Option 3 -- Presentations Stored Online + One Computer with Internet

Students make and/or store their presentations online, and download them to a computer the instructor provides at the beginning of class.  Instructors can reserve laptops and projectors at the AV Pool if they need them.


  • Students can save their presentations to MyWebSpace (or Dropbox or another service they're used to using) and download them to the computer at the beginning of class.
  • Presentation services like Prezi stores the presentations online, so one only needs an internet connection to access the presentation through their website.  Students will need to login to their account to access their presentation, which should only take a minute or two at the beginning of their presentation.
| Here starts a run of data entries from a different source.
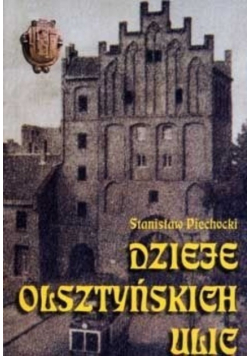 Dzieje olsztyńskich ulic
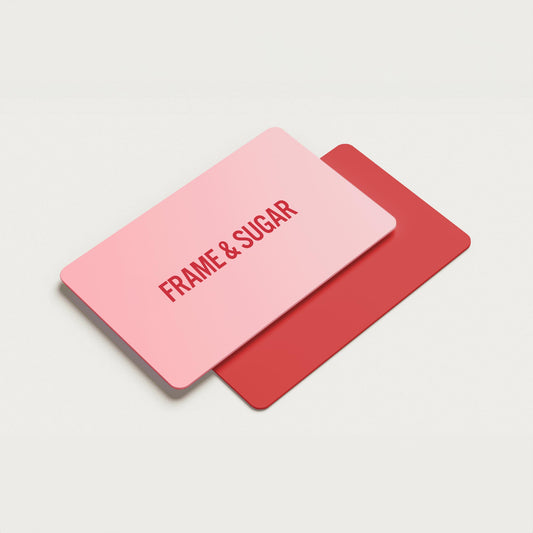 Frame & Sugar Gift Card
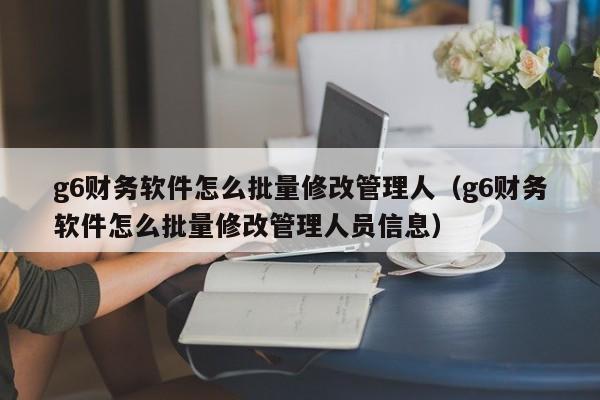 g6财务软件怎么批量修改管理人(g6财务软件怎么批量修改管理人员信息)
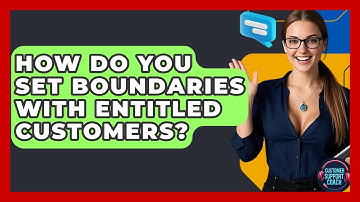 How Do You Set Boundaries With Entitled Customers? - Customer Support Coach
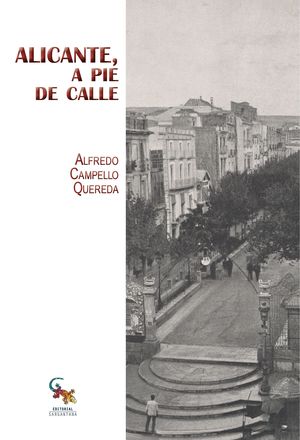 ALICANTE A PIE DE CALLE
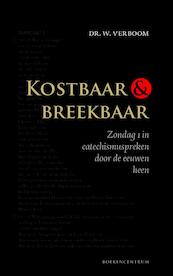 Kostbaar en breekbaar - W. Verboom (ISBN 9789023928706)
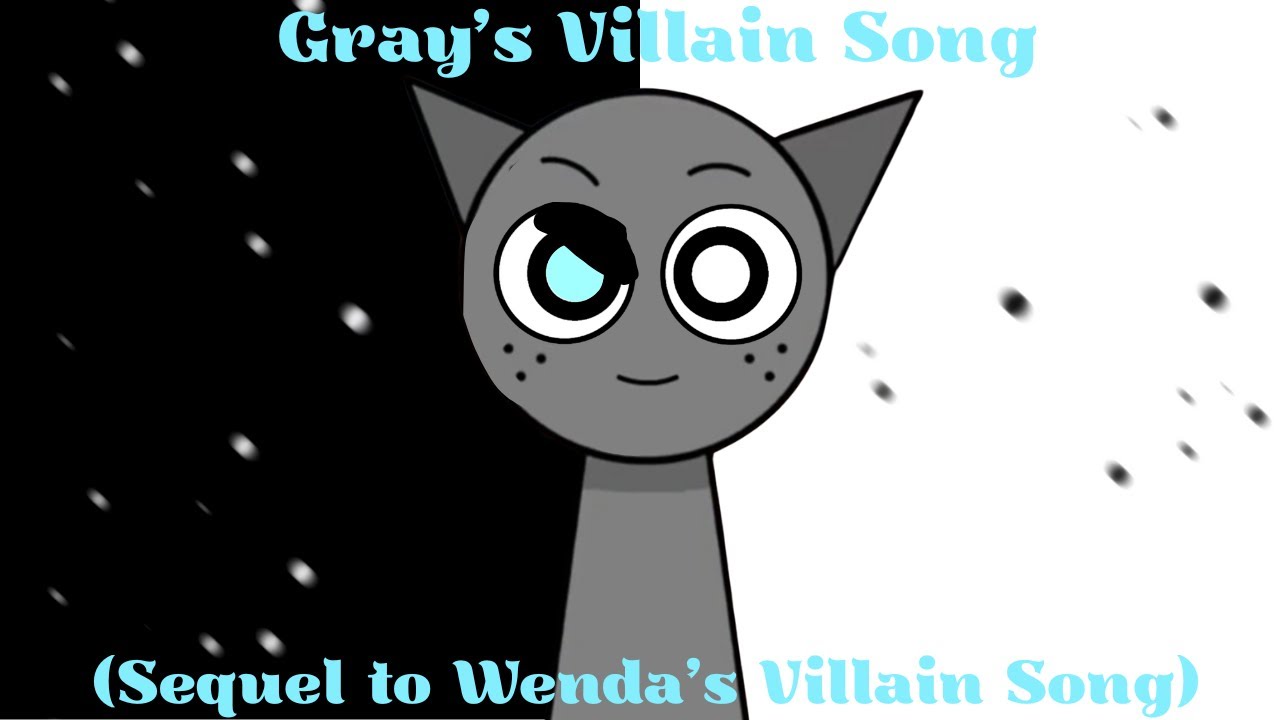 Gray's Villain Song (Sprunki remix/AU)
  • Time is saved by not switching computers between presentations
  • When using an online presentation service, the presentation will play in the browser, so software compatiblilty isn't an issue.
  • Students can't lose their presentation by losing their flash drive.

Potential Pitfalls:

  • If the internet connection isn't stable, your students may not be able to access their presentations reliably.
  • Online services typically require user accounts, and may place some of their services behind a paywall, so you may want to familiarize yourself with their free offerings before suggesting it to your students.
  • Services like Prezi have a different approach to designing a presentation from Powerpoint.  You may want to include a breif introduction to it for your students.  Inquire about campus support options for this as well.  These services provide a good opportunity to discuss communication skills in class.

As you can see, these plans do not guarantee a string of flawless presentations, but they can certainly help them go smoothly.  No matter which option you choose, it's never a bad idea to plan for cushion time between presentations.  You should consider that this process just takes a little bit of time, even for the most confident users.  If it's not something a student does everyday, then the added pressure of limited time on setup will probably contribute to agitation and a rushed presentation.